Examples of accumulators of electric energy for use in the apparatus of the present intention include flywheels, capacitors, and chemical batteries.

BRIEF DESCRIPTION OF THE DRAWINGS

FIG. 1 presents a diagrammatic representation of a first embodiment of the apparatus of the present invention.

FIG. 2 presents a diagrammatic representation of a second embodiment of the apparatus of the present invention.

FIG. 3 presents a diagrammatic representation of a third embodiment of the apparatus of the present invention.

FIG. 4 presents a diagrammatic representation of a fourth embodiment of the present invention, combining features of the second and third embodiments.

FIG. 5 presents a diagrammatic representation of a fifth embodiment of the apparatus of the present invention.

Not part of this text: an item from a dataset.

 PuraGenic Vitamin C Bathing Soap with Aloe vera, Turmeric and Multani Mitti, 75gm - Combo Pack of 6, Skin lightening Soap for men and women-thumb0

DESCRIPTION OF ILLUSTRATIVE EMBODIMENTS

The present intention relates to an apparatus for powering an electric load with a low-voltage power source, said apparatus comprising:

• • a) a low-voltage power source providing an output voltage Vp;
  • b) a first accumulator of electric energy, connected in series with the low-voltage power source and operating at a first voltage V1;
  • c) a second accumulator of electric energy, connected in parallel to the first accumulator, and operating at a second voltage V2;wherein V1+Vp=V2.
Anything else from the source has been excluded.